Corriere del Mezzogiorno (Campania)
Così ho trasformato i loro pensieri in una canzone
«Cifre. Siamo dei numeri sui fogli». Me lo disse con le lacrime agli occhi una detenuta poche ore dopo che le era stato rifiutato un permesso per vedere i suoi figli. È vero. A volte abbiamo meno considerazione per l’esistenza di chi ha sbagliato. Anche se non siamo abituati a giudicare o puntare il dito. Eppure «indossa le mie scarpe e vedi come si porta questo peso e prova a stare sempre in piedi», mi disse Anna, una ragazza arrestata nella retata per droga al Pallonetto di Santa Lucia in cui spacciavano famiglie intere. A lei è stato tolto un bambino. E non è impossibile capire che è un peso che rischia di farti sprofondare.
Queste parole sono diventate una canzone perché loro potessero farsi sentire e anche perché io e anche Amalia, frequentandole per tanti mesi, ci siamo accorte che nelle loro storie, nei loro umori, nel modo di gioire o di ferirsi, c’erano qualcosa di noi. Assomigliarsi non significa necessariamente condividere dei percorsi. Significa sapere che certe cose ti possono capitare perché sei nato e cresciuto in un posto piuttosto che in un altro o perché ti hanno fatto del male o perché hai conosciuto solo il buio.
In questo viaggio nei penitenziari di Fuorni e di Pozzuoli ho capito concretamente che l’indifferenza ci rende complici. Soprattutto nei confronti di chi si assume la responsabilità di quello che ha fatto, non si perdona e ti fa capire con la vita quello su cui noi possiamo solo astrattamente ragionare. Giusy per esempio, in Caine racconta bene quanto i vantaggi di una vita criminale siano sempre effimeri, non servono a raggiungere alcun tipo di felicità. La fine della storia è sempre la stessa, la cella o la morte. E ci fai i conti sempre e per sempre.

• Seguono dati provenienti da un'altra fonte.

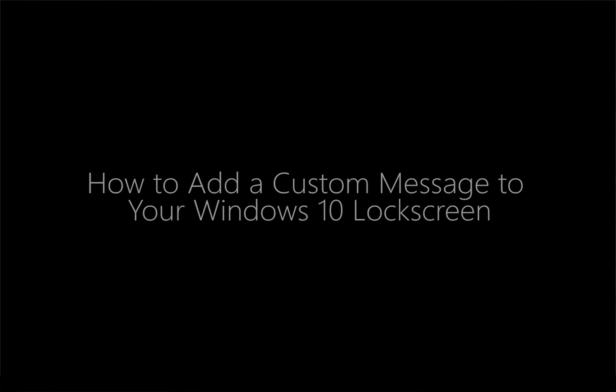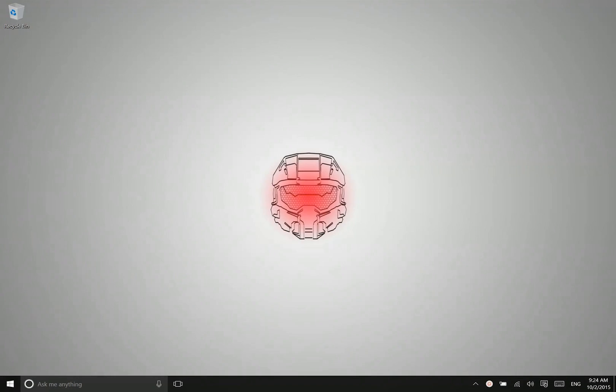Hey there folks, Lane here with windows10update.com and today I want to show you a little tweak that you can do that will show a custom message on your lock screen.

La prima volta che sono entrata in carcere, a Salerno, non sapevo bene cosa avrei fatto insieme alle donne che stavo per incontrare.
La mia predisposizione, da musicista, all’improvvisazione mi ha portato una sana incoscienza utile per raccogliere ed accogliere le loro storie. Loro lo sanno bene quanto sia importante la musica. Lo è per loro, nelle lunghe giornate vuote: quando le ore sembrano non passare mai, la musica le consola e talvolta le riporta alla vita di fuori.
«Io Sono Te» è nata dal titolo, che è anche il ritornello, perché la prima, potente idea che ti investe quando entri in carcere si basa su una domanda: «E se fossi nata io dov’è nata lei? Se questa esperienza di vita fosse la mia?».
Le strofe sono venute fuori attraverso i nostri incontri e dibattiti, in cui ho chiesto alle detenute di provare a scrivere e a raccontare le loro emozioni. E così, quelle parole scritte sui foglietti sono state raccolte e messe in metrica. E’ stato come spogliarci e contare tutti i nostri lividi. E per me cantare con tante voci nuove.